# box on my kitchen table



## IHT (Dec 27, 2003)

as i was packing up all the PSP2 fivers today, the mailman walked up to my door, which is odd, as i have a mailbox.
i just figured it was something my wife had bought again (creative memories scrapbooking stuff; longaberger baskets; ebay sh*t), so i went to get the box and bring it in.

low and behold, it's a big azz box addressed to ME???

unfortunately, i didn't have time to open it, but i did see it was from *Hollywood & Pinoyman!!*

wow. not expecting that at all. i can't wait to go open it, whatevers in there, i know i'll appreciate.

thanks dave and rollito!

now watch it be a trick, a package with nothing but crumpled up newspaper from the Caymans!


----------



## MiamiE (Mar 5, 2005)

IHT said:


> now watch it be a trick, a package with nothing but crumpled up newspaper from the Caymans!


buddy not even YOU believe that!


----------



## DAFU (Dec 14, 2004)

:z .........I know what you mean Bro!!!
The wife told me I have a box waiting for me from Radford VA............hmmmmm, can't wait to get home!!!!


----------



## galaga (Sep 18, 2003)

IHT said:


> *Hollywood & Pinoyman!!*
> 
> wow. not expecting that at all. i can't wait to go open it, whatevers in there, i know i'll appreciate.
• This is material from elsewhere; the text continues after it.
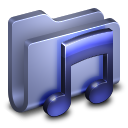 Audio sound music blue folder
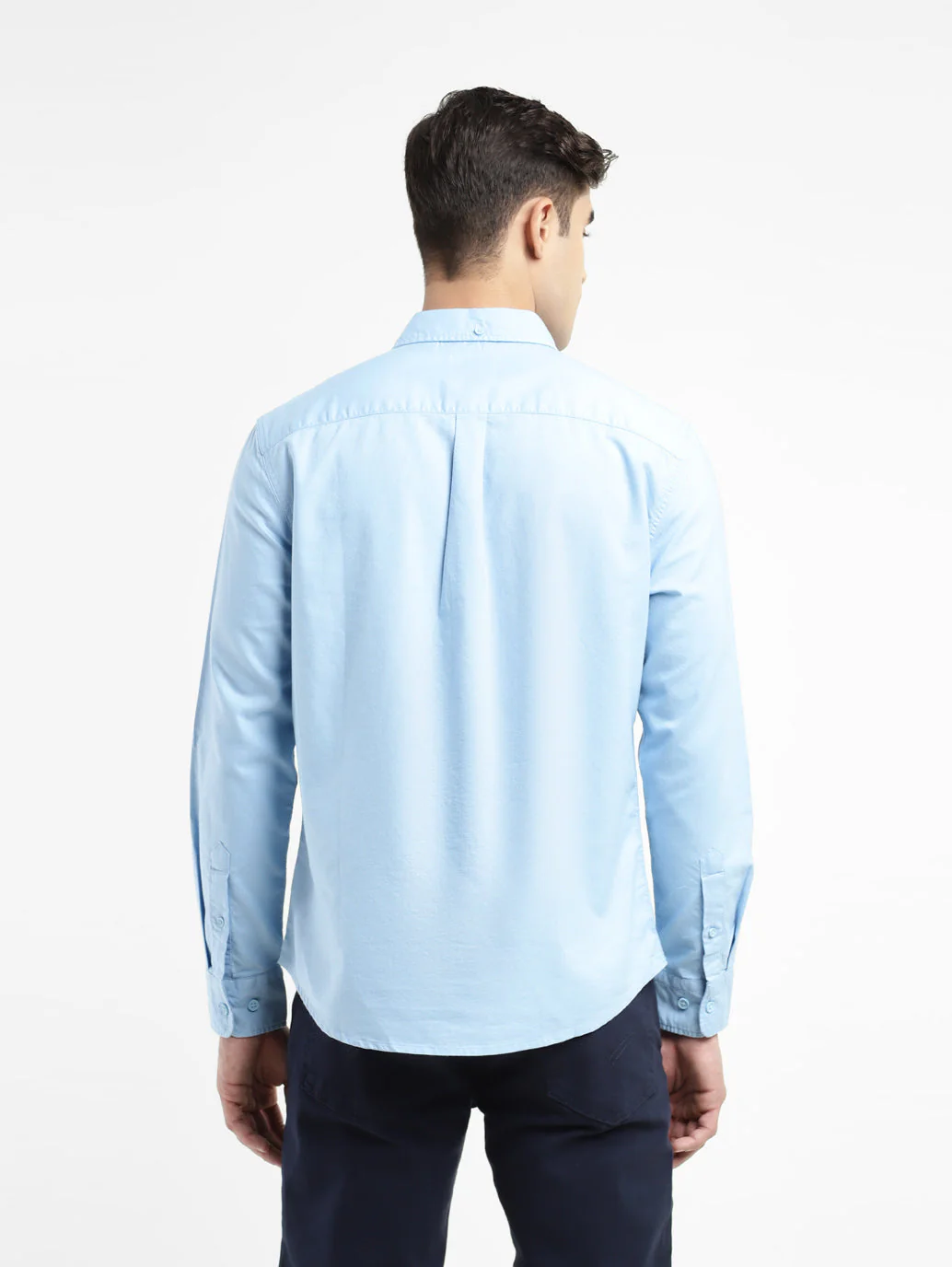 Men's Solid Slim Fit Shirt - Image 5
Don't open the door, man, Dave's not here. 
I must say that they ship some of the best smellin chit I ever smelled in a non-burning cigar! Chocolate-tobacco hersheys cigars. Nice hit guys.


----------



## SeanGAR (Jul 9, 2004)

DAFU said:


> :z .........I know what you mean Bro!!!
> The wife told me I have a box waiting for me from Radford VA............hmmmmm, can't wait to get home!!!!
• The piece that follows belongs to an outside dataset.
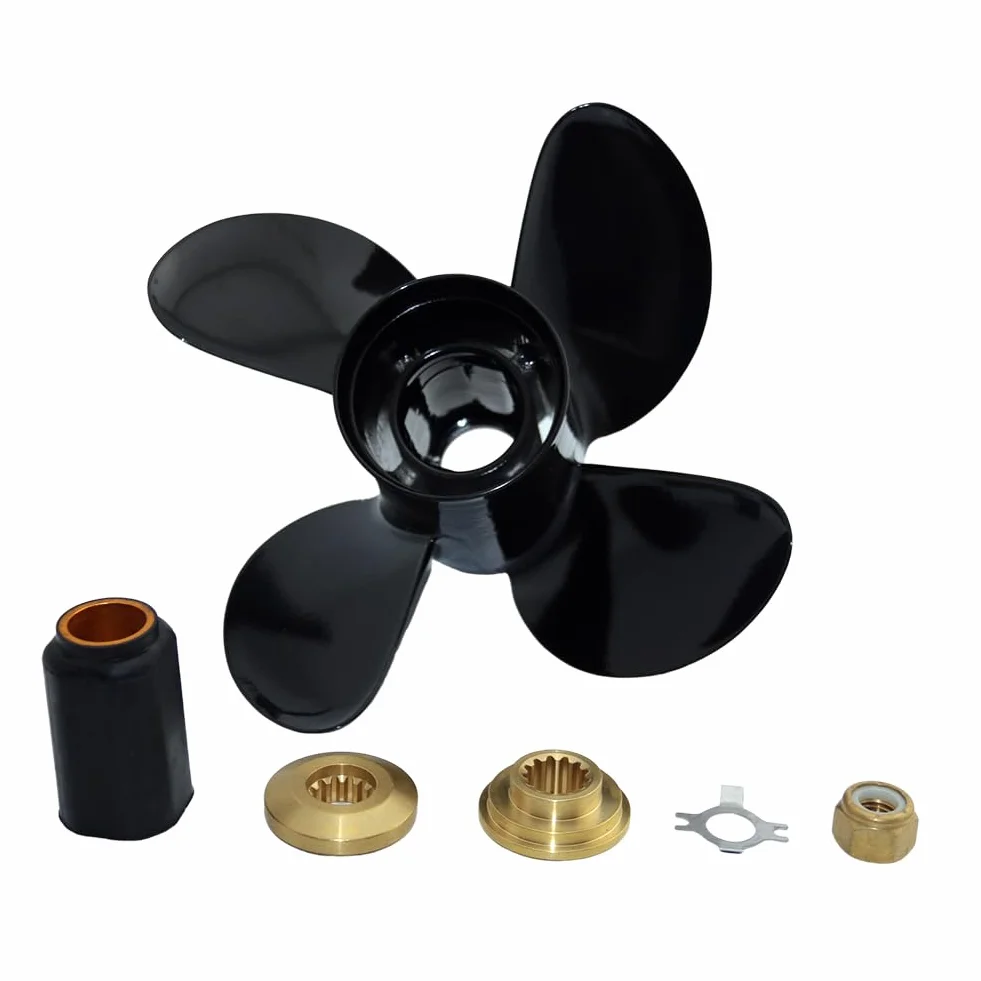Boatman Elica fuoribordo 4 pale Mercury 25-70 CV 13 scanalature kit hub intercambiabile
I wonder what that could be.......


----------



## MoTheMan (May 24, 2003)

*Open it!! Open it!!*


----------



## Scott M (Jan 4, 2005)

WELL? 

Get on with it, already...

Scott"patienceisavirtue...andI'mreallynotthatvirtuous"M


----------



## DonJefe (Dec 1, 2003)

Well if it's anything like the one cookieboy got, you're going to be a happy gorilla! Good hit on a good guy!


----------



## IHT (Dec 27, 2003)

*WOOHOOO!*

first photo of the package inside the box...


----------



## IHT (Dec 27, 2003)

BOOM!

totally, totally kick ass. thanks guys.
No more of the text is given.